We still project 7.0% US media ad spend growth this year, although we have made modest cuts to our digital ad spend forecast.

Three things to watch: The February SMI data doesn’t reflect this past month, but here are some things we’re watching out for in March.

  1. The end of TikTok as we know it? A TikTok ban would completely disrupt digital advertising. Despite a boisterous House hearing last week, 75% of US marketers plan to increase TikTok spend in the next 12 months, according to a Capterra survey. Advertisers are making backup plans—for good reason—but they’re not pulling the plug on TikTok just yet.
  2. The kids aren’t alright. Last week, Utah enacted the strictest child safety laws of any US state, banning social media for kids at night, requiring age verification, and putting platforms at increased legal risk.
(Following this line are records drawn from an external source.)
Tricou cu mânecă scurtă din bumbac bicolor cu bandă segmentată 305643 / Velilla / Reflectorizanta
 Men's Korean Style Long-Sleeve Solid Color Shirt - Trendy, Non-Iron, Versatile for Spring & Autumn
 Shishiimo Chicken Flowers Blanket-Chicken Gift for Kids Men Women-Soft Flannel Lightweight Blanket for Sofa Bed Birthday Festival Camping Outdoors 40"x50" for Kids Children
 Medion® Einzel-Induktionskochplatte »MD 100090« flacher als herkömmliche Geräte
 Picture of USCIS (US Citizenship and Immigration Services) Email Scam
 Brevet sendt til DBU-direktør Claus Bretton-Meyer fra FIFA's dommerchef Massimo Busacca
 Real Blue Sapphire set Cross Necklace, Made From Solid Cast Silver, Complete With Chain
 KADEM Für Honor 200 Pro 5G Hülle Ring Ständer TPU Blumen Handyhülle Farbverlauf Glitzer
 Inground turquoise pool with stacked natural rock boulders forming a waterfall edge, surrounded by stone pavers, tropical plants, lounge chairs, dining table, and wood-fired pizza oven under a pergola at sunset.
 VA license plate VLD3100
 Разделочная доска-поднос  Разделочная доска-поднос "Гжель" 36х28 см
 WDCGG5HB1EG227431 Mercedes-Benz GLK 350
The laws won’t take effect until March 2024, though platforms will certainly sue before then. This is another area where ad spend probably won’t immediately react, but limitations on ad targeting for children could become a wider regulatory trend.
  3. Bank collapses create uncertainty. While companies were able to access their money fairly quickly after Silicon Valley Bank’s collapse, the events shook Big Tech. Fallout has weighed on banking and startups, but an overall trend of risk aversion could extend to marketers.

The bottom line: Not all ad channels are hurting to the same extent. We predict US digital ad spend growth will outpace media ad spend growth overall. Retail media channels like Walmart and Instacart will see growth of over 40% this year. And TikTok should have another banner year for growth at 36.0%—if it can stay on regulators’ good side.